Presently.ai: Our Story

What Inspired Us

Students struggle with presentation skills, not because they lack ideas, but because they rarely get concrete, actionable feedback. Practice without feedback doesn’t improve performance; it reinforces habits like filler words and poor slide-speech alignment. We saw an opportunity to turn AI into a coach: real-time transcription plus slide context could give feedback on both how you speak and what you say.

We were motivated by a simple idea: practice with feedback is practice that works. Whether preparing for a class presentation or a job talk, learners need to know:

How often do they say “um,” “like,” long pause, and other filler words?
Whether their spoken content matches the key points on their slides.

What We Learned

We deepened our understanding across several areas:

AI and prompt design. Getting consistent, structured output from Gemini required careful prompt engineering. We learned to specify exact JSON schemas, give clear evaluation criteria, and separate “filler words” vs. “content alignment” so the model returns usable feedback instead of free-form text.

Web APIs and browser constraints. The Web Speech API is free and works in-browser, but has limits. We explored trade-offs between Web Speech API and ElevenLabs for transcription, and chose Web Speech for real-time transcription to avoid extra API calls and cost.

Audio-only recording. Switching from video to audio-only reduced complexity (no camera, smaller payloads) and focused feedback on voice and content. We found that voice + slide text is enough to give meaningful coaching.

How We Built It

Our stack:

Layer	Technology	Purpose
Frontend	Next.js 16, React 19, Tailwind	Single-page app and UI
Recording	MediaRecorder API	Audio capture
Transcription	Web Speech API	Real-time speech-to-text
Slide parsing	JSZip	Extract text from PPTX
Analysis	Gemini 2.0 Flash	Filler words + content alignment
Voice feedback	ElevenLabs	TTS for feedback summary
Storage	MongoDB Atlas	Optional history (in-memory fallback)

Flow:

User uploads PPTX slides → text is extracted via JSZip.
User records voice → MediaRecorder captures audio, Web Speech API transcribes.
On stop → transcript and slide content are sent to Gemini.
Gemini returns structured feedback on filler words and content alignment.
Optional: ElevenLabs voice reads the summary aloud.

We used a stepper-style flow: Upload → Record → Analyze → Feedback, with a progress chart to show improvement over time.

For the overall tech stack, Presently.ai is built on a Next.js + React frontend where speakers upload their slide deck and audio recording, with session history optionally stored in MongoDB Atlas. The app sends extracted slide text and transcripts through Gemini (with AssemblyAI for enhanced speech analysis) to generate structured coaching, and ElevenLabs then delivers the feedback back to the user as a clear voice summary.

Challenges We Faced

1. Gemini API rate limits (429).
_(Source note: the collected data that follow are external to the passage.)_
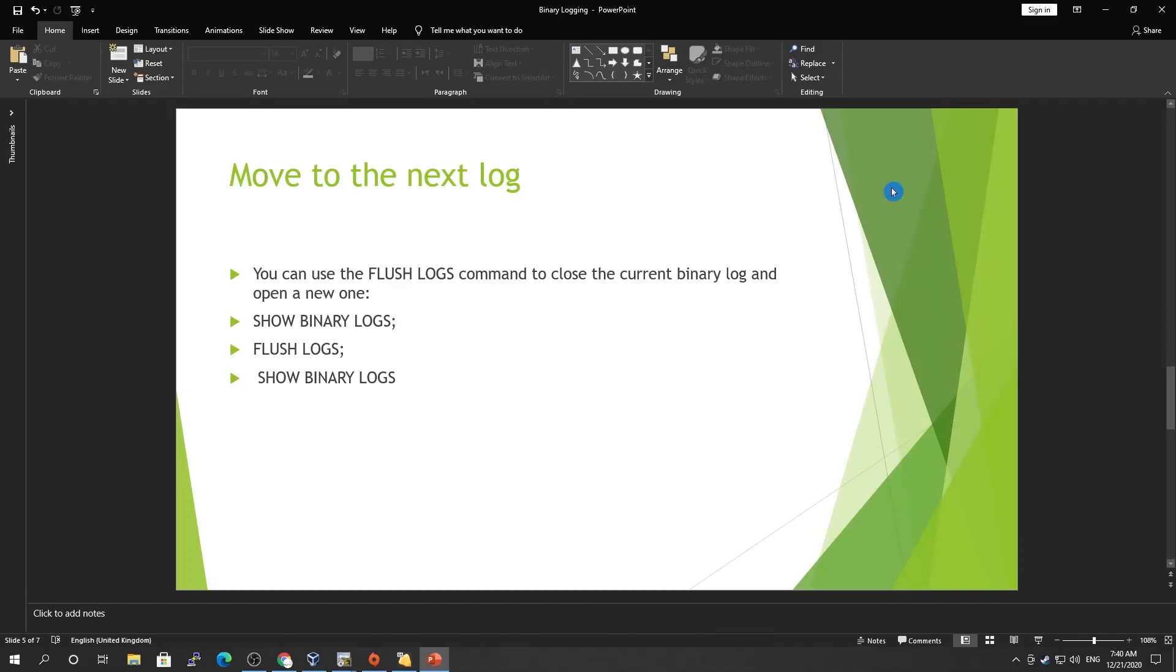Hi guys, welcome to another tutorial of MySQL database administration. Today we've been studying binary logs. In the previous blog, we discussed what binary logs are, the usage of binary logs, and how we can enable or disable the binary log and how we can enable or disable at the session level.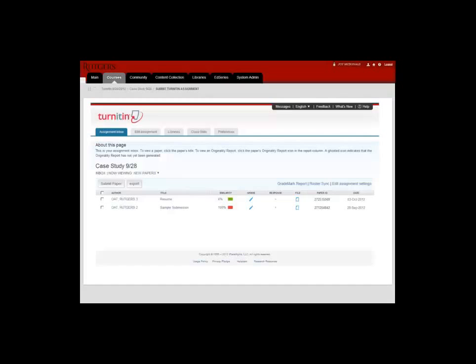I can also return to the Turnitin page. The export button will allow you to download an Excel spreadsheet summarizing the submissions.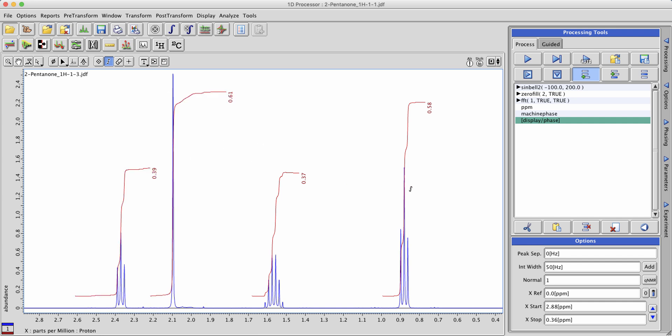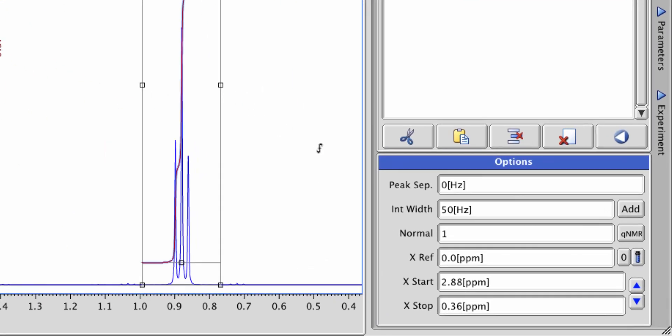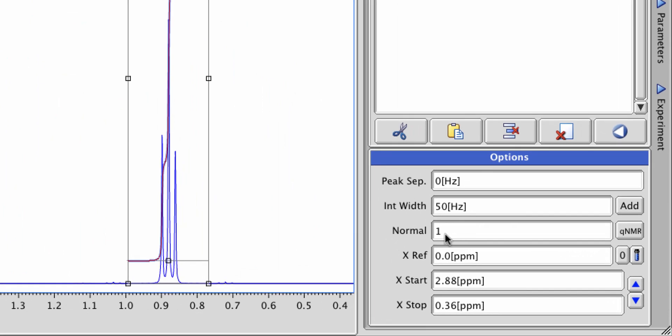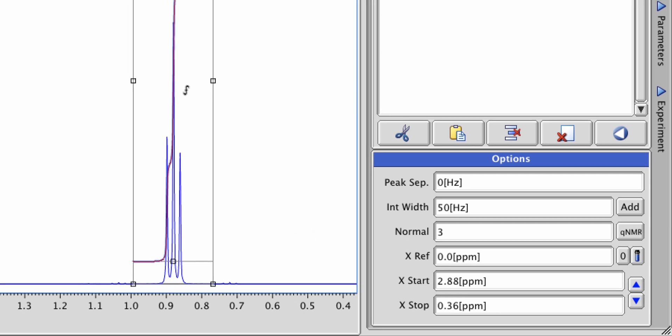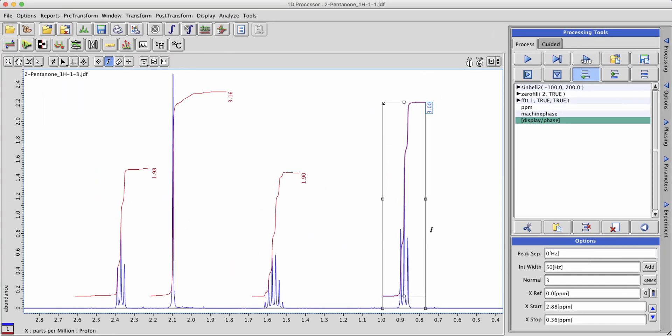Next let's deal with normalization. If you want to normalize a peak to a certain value, select it by left-clicking on it and change the normal value here. In this case I know it's a methyl group so I'll normalize it to a value of three.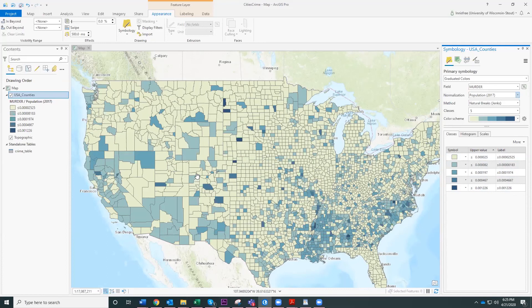That's a lot more useful than the straight number of murders per county, because some counties have hardly any people in them while others have quite a large number of people. In a separate video I will talk about these different classification methods and how to choose one.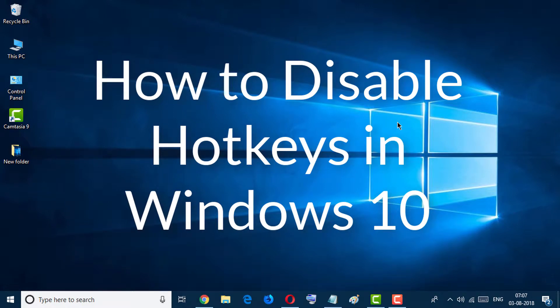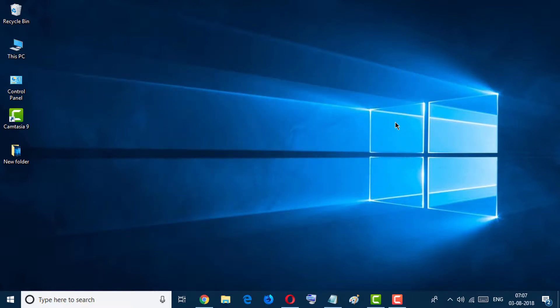Hello and welcome guys, you are welcome to my channel Tech for Advice. Today in this video we learn how to disable hotkeys in Windows 10. There is an easy and simple method for disabling the hotkeys.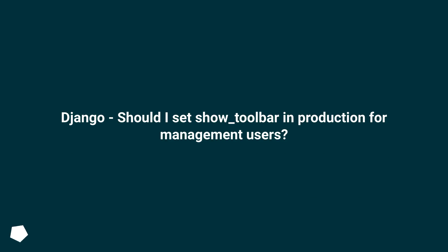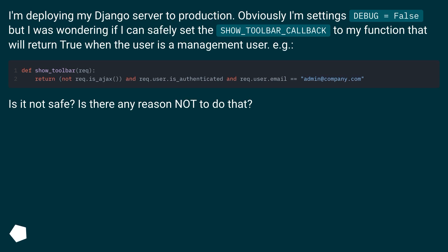Django: should I set SHOW_TOOLBAR_CALLBACK in production for management users? I'm deploying my Django server to production. Obviously with DEBUG set to false, but I was wondering if I can safely set the SHOW_TOOLBAR_CALLBACK to my function that will return true when the user is a management user.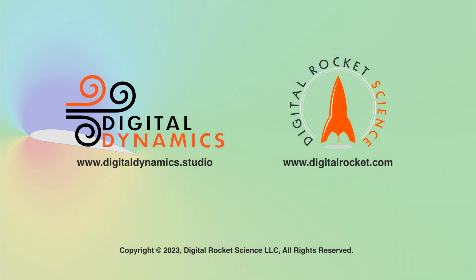All of these simulations and visualizations were carried out using the Digital Dynamics Studio from Digital Rocket Science.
During development, we hit the free-tier quota. We mitigated this with retry logic, clearer error messages, and by exploring alternative models (e.g., gemini-1.5-flash).

2. Recording start timing. Calling startRecording() immediately after startMicrophone() sometimes ran before the stream was available. We fixed this by moving the recording start into a useEffect that runs only when stream is present, avoiding race conditions.

3. PPTX parsing. node-pptx-parser pulled in AWS SDK and caused build issues. We switched to JSZip and regex over the slide XML to extract text, which keeps dependencies light and builds simply.

4. Loading state confusion. The Record button showed “loading” even when nothing was loading. The problem was using isReady from the mic hook before the mic was requested. We only show loading when an actual async operation is in progress.

Reflection

We started with a broad vision (video + body language + voice) and narrowed it to voice + slides. That scope reduction let us ship something useful and focused: filler-word feedback and content alignment are the two things we believe matter most for student presenters.

In the future, we’d add: practice mode with real-time “um” alerts, timestamps for filler words, and tighter MongoDB integration for persistent history.